The recent victory of Donald Trump, who has pledged to impose tariffs exceeding 60 percent on Chinese imports, is likely to lead to a buildup of stockpiles in China’s top export markets.

Trump’s tariff threat has unsettled Chinese factory owners and officials managing exports worth approximately $500 billion annually. Tensions are further strained by trade issues with the EU, which purchased $466 billion of Chinese goods last year.

While domestic confidence remains impacted by a persistent property market debt crisis, export momentum offers a bright spot for China’s struggling economy.

Exports from the world’s second-largest economy rose by 12.7 percent year-on-year last month, surpassing a 5.2 percent increase forecasted by Reuters economists and a 2.4 percent rise in September. However, imports fell by 2.3 percent, against predictions of a 1.5 percent decline, marking the first negative import growth in four months.

China’s trade surplus climbed to $95.27 billion in October, up from $81.71 billion in September.

“We anticipate a wave of front-loading into Q4 before pressure mounts in 2025,” said Xu Tianchen, senior economist at the Economist Intelligence Unit. “This is largely due to Trump’s tariff threat, which is becoming increasingly realistic.”

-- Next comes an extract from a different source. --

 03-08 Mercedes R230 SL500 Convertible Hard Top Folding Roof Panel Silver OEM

The ‘Trump effect’ on exports

China’s exports to the U.S. increased 8.1 percent year-on-year in October, while shipments to Europe rose by 12.7 percent over the same period.

“We expect exports to remain strong in the coming months,” said Zichun Huang, China economist at Capital Economics, in a note. He added that the impact of Trump’s tariffs may not materialize until late next year.

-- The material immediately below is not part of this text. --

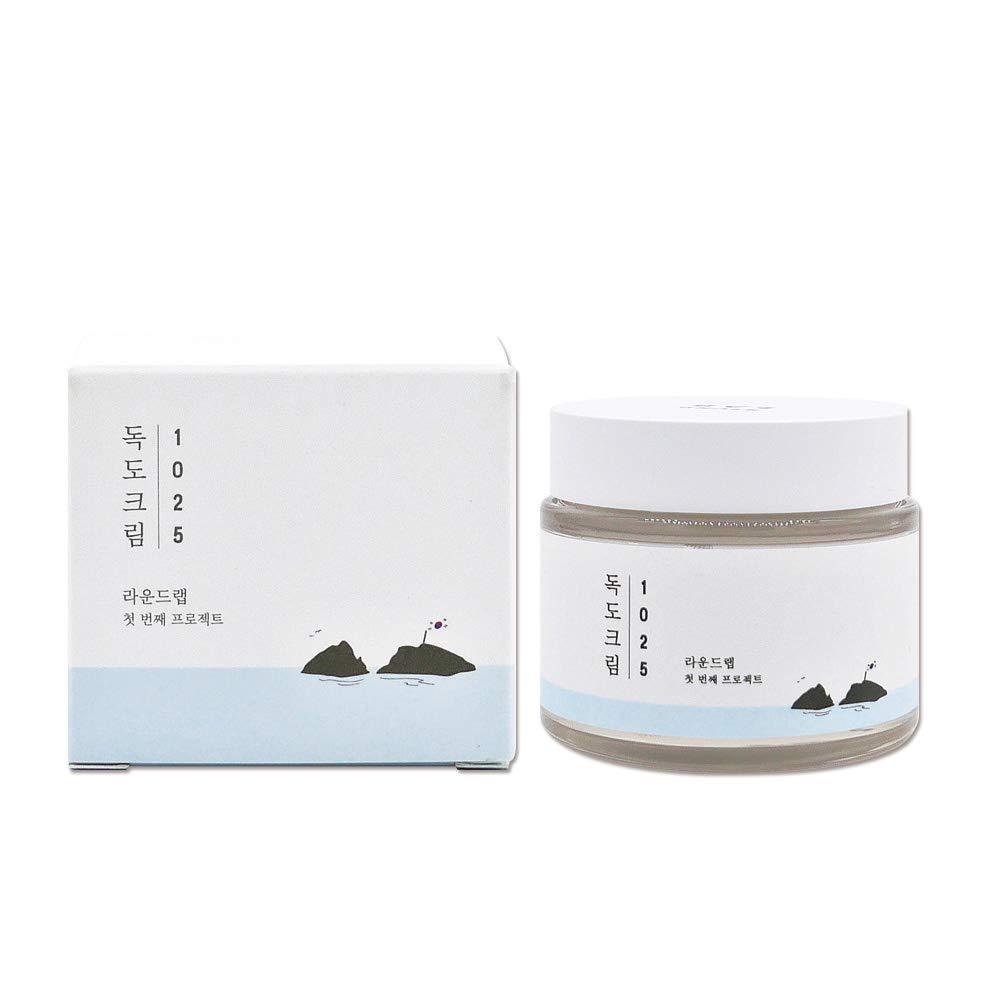 Moisturizing ROUND LAB Cream 80ml Nourish & Protect Skin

Huang noted that Trump’s return could prompt U.S. importers to step up purchases to bypass potential tariffs, offering a short-term boost to Chinese exports.

China’s top exports to the U.S. last year included smartphones, tablet computers, and video game consoles. Similar to Trump’s initial term, Chinese electronics makers may once again be a target.

Yet, signals indicate waning demand for these goods. Trade data from South Korea and Taiwan points to slowing global demand, and German producers report declining interest from overseas buyers, suggesting that Chinese producers may be cutting prices or moving inventory out of China to attract buyers.

An official survey of factory activity in October showed Chinese factories struggling to secure overseas buyers.

“If the PMI new export sub-index is dropping while the export numbers are rising, it’s clear this is an inventory adjustment,” said Dan Wang, a Shanghai-based Chinese economist.

Rising rtocks and weak yuan boost exports

Chinese and Hong Kong stocks rose on Thursday, buoyed by investor optimism over potential stimulus measures, while the yuan rebounded from a three-month low against the dollar. Analysts note that the weak yuan may have fueled export growth, though it simultaneously raised import costs.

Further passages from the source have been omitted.